## EXERCISE
What do the lines say from the start of the entries through the one containing "Clibanarius erythropus )"? Repeat them exactly.
-- GIVEN ENTRIES follows --
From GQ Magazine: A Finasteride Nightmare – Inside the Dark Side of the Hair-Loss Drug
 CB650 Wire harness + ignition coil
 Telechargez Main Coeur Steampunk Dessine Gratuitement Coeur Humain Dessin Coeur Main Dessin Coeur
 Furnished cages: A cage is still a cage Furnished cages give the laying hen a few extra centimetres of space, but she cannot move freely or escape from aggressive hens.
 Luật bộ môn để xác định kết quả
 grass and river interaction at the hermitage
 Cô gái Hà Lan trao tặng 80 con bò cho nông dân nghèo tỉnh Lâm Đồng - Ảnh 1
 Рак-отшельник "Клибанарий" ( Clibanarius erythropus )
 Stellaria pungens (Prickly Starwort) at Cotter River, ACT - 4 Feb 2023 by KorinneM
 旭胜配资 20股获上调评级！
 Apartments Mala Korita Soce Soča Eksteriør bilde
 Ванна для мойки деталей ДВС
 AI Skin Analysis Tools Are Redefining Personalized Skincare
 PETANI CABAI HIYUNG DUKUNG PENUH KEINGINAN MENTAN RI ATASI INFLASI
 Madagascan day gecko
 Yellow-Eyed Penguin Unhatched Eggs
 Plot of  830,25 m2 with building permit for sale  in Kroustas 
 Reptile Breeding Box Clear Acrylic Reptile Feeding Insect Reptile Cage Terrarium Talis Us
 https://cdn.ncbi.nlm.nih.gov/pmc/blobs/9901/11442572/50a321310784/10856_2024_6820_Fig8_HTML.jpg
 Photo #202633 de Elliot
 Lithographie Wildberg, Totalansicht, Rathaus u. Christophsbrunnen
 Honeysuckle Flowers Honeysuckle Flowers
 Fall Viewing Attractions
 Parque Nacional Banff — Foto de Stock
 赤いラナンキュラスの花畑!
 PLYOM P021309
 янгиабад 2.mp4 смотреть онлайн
-- GIVEN ENTRIES concluded --
## RESULT OF THIS TASK
From GQ Magazine: A Finasteride Nightmare – Inside the Dark Side of the Hair-Loss Drug
 CB650 Wire harness + ignition coil
 Telechargez Main Coeur Steampunk Dessine Gratuitement Coeur Humain Dessin Coeur Main Dessin Coeur
 Furnished cages: A cage is still a cage Furnished cages give the laying hen a few extra centimetres of space, but she cannot move freely or escape from aggressive hens.
 Luật bộ môn để xác định kết quả
 grass and river interaction at the hermitage
 Cô gái Hà Lan trao tặng 80 con bò cho nông dân nghèo tỉnh Lâm Đồng - Ảnh 1
 Рак-отшельник "Клибанарий" ( Clibanarius erythropus )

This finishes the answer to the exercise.